Pour sa part, Tom Fletcher, souligne l’importance en politique de «savoir ce qu’on ne sait pas», afin de planifier et de mettre en place un meilleur avenir. Commentant le Printemps arabe, il a estimé qu’«il est encore très tôt pour juger de la situation». Selon l’ambassadeur de Grande-Bretagne, nous ne sommes qu’au tout début. Une chose est sûre: les citoyens sont en train de découvrir de nouvelles idéologies grâce à la technologie, qui est considérée comme étant l’arme la plus puissante. Il évoque aussi le cas du Liban. «Pour la première fois depuis longtemps, le choix du Premier ministre n’a pas été mijoté dans d’autres capitales, ce qui est censé donner de l’espoir au peuple libanais».
La relation Téhéran-Washington
«Une normalisation des relations entre le gouvernement américain et l’Iran résoudrait de nombreux problèmes dans la région du Moyen-Orient». C’est en ces termes que le Dr Pierre Razoux, directeur de la recherche et des études de sécurité régionale à l’Institut français pour la recherche stratégique, a fait part de son avis, répondant aux questions de Magazine.

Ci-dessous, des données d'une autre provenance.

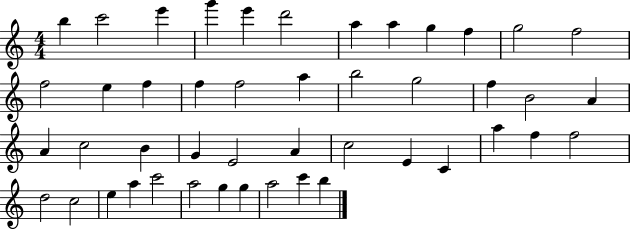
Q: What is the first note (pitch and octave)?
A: B5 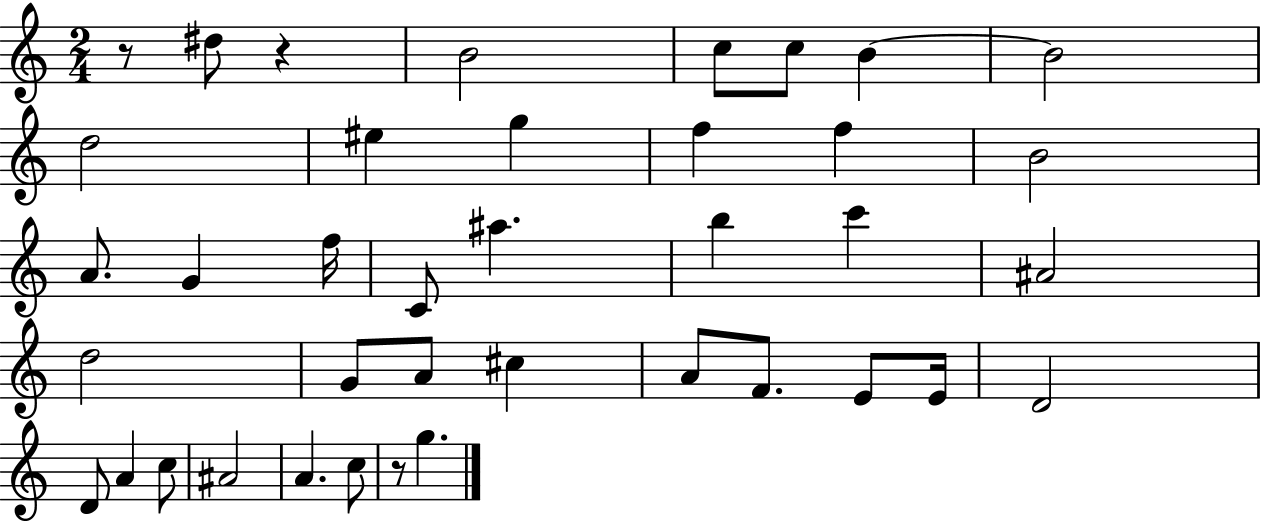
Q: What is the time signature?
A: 2/4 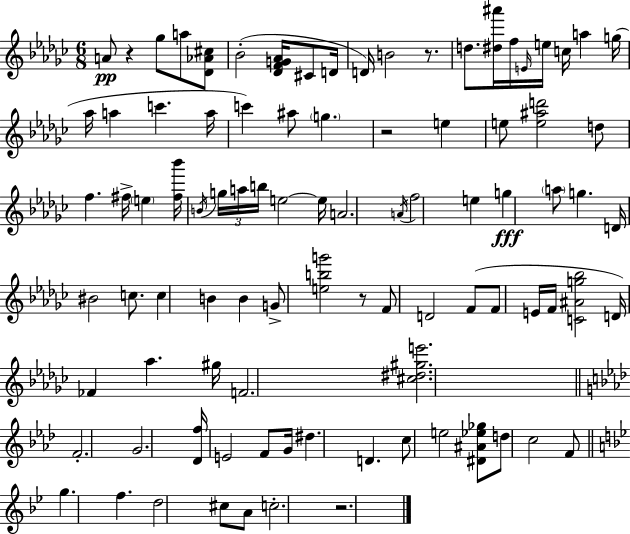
{
  \clef treble
  \numericTimeSignature
  \time 6/8
  \key ees \minor
  a'8\pp r4 ges''8 a''8 <des' aes' cis''>8 | bes'2-.( <des' f' g' aes'>16 cis'8 d'16 | d'16) b'2 r8. | d''8. <dis'' ais'''>16 f''16 \grace { e'16 } e''16 c''16 a''4 | \break g''16( aes''16 a''4 c'''4. | a''16 c'''4) ais''8 \parenthesize g''4. | r2 e''4 | e''8 <e'' ais'' d'''>2 d''8 | \break f''4. fis''16-> \parenthesize e''4 | <fis'' bes'''>16 \acciaccatura { b'16 } \tuplet 3/2 { g''16 a''16 b''16 } e''2~~ | e''16 a'2. | \acciaccatura { a'16 } f''2 e''4 | \break g''4\fff \parenthesize a''8 g''4. | d'16 bis'2 | c''8. c''4 b'4 b'4 | g'8-> <e'' b'' g'''>2 | \break r8 f'8 d'2 | f'8( f'8 e'16 f'16 <c' ais' g'' bes''>2 | d'16) fes'4 aes''4. | gis''16 f'2. | \break <cis'' dis'' gis'' e'''>2. | \bar "||" \break \key f \minor f'2.-. | g'2. | <des' f''>16 e'2 f'8 g'16 | dis''4. d'4. | \break c''8 e''2 <dis' ais' ees'' ges''>8 | d''8 c''2 f'8 | \bar "||" \break \key bes \major g''4. f''4. | d''2 cis''8 a'8 | c''2.-. | r2. | \break \bar "|."
}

Selon lui, le maintien au pouvoir du régime syrien «est dû au fait qu’il y a actuellement un équilibre des forces et qu’aucune des deux parties n’est suffisamment forte pour l’emporter».

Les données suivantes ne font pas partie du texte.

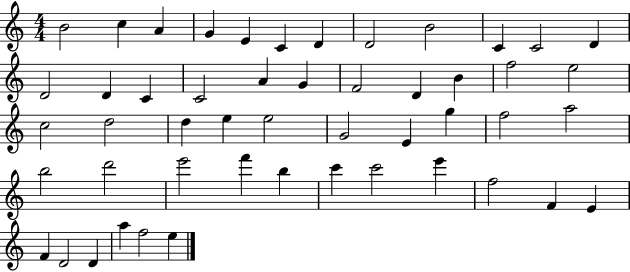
B4/h C5/q A4/q G4/q E4/q C4/q D4/q D4/h B4/h C4/q C4/h D4/q D4/h D4/q C4/q C4/h A4/q G4/q F4/h D4/q B4/q F5/h E5/h C5/h D5/h D5/q E5/q E5/h G4/h E4/q G5/q F5/h A5/h B5/h D6/h E6/h F6/q B5/q C6/q C6/h E6/q F5/h F4/q E4/q F4/q D4/h D4/q A5/q F5/h E5/q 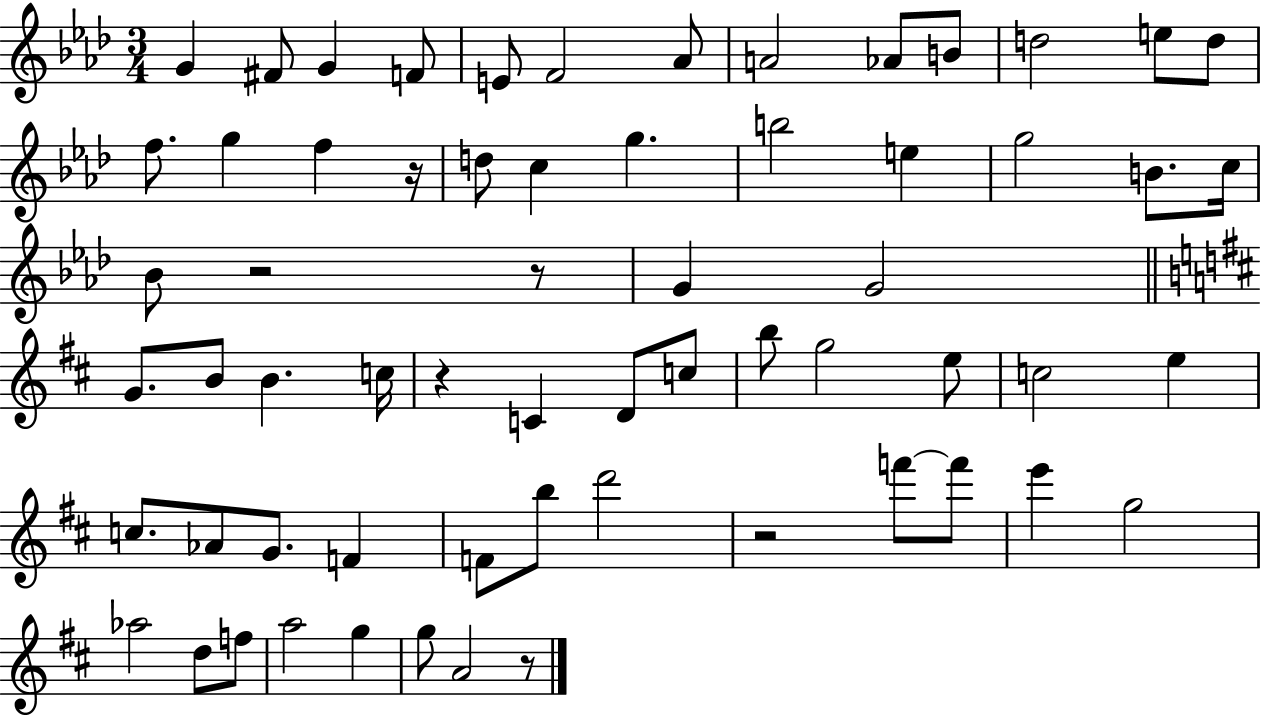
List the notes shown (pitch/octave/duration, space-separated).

G4/q F#4/e G4/q F4/e E4/e F4/h Ab4/e A4/h Ab4/e B4/e D5/h E5/e D5/e F5/e. G5/q F5/q R/s D5/e C5/q G5/q. B5/h E5/q G5/h B4/e. C5/s Bb4/e R/h R/e G4/q G4/h G4/e. B4/e B4/q. C5/s R/q C4/q D4/e C5/e B5/e G5/h E5/e C5/h E5/q C5/e. Ab4/e G4/e. F4/q F4/e B5/e D6/h R/h F6/e F6/e E6/q G5/h Ab5/h D5/e F5/e A5/h G5/q G5/e A4/h R/e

L’équilibre en place dans la région serait-il affecté si une zone d’exclusion aérienne venait à être imposée en Syrie? «L’imposition d’une zone d’exclusion aérienne en Syrie requiert une décision du Conseil de sécurité des Nations unies, répond le chercheur. Tant qu’il n’y a pas consensus au sein de ce Conseil, il n’est pas possible d’instaurer une telle zone. Même si le Conseil s’entendait sur ce point, il n’est pas sûr qu’une zone d’exclusion aérienne rompe l’équilibre actuel. Si le principe de celle-ci était validé par les cinq membres du Conseil de sécurité, il créerait un certain nombre d’effets sur le terrain et, bien évidemment, favoriserait plutôt la rébellion au détriment du régime. Mais cela pourrait ne pas suffire pour provoquer la chute du régime. De toute façon, il n’y a aucun consensus sur ce sujet au sein du Conseil de sécurité et on est donc très loin d’une telle hypothèse».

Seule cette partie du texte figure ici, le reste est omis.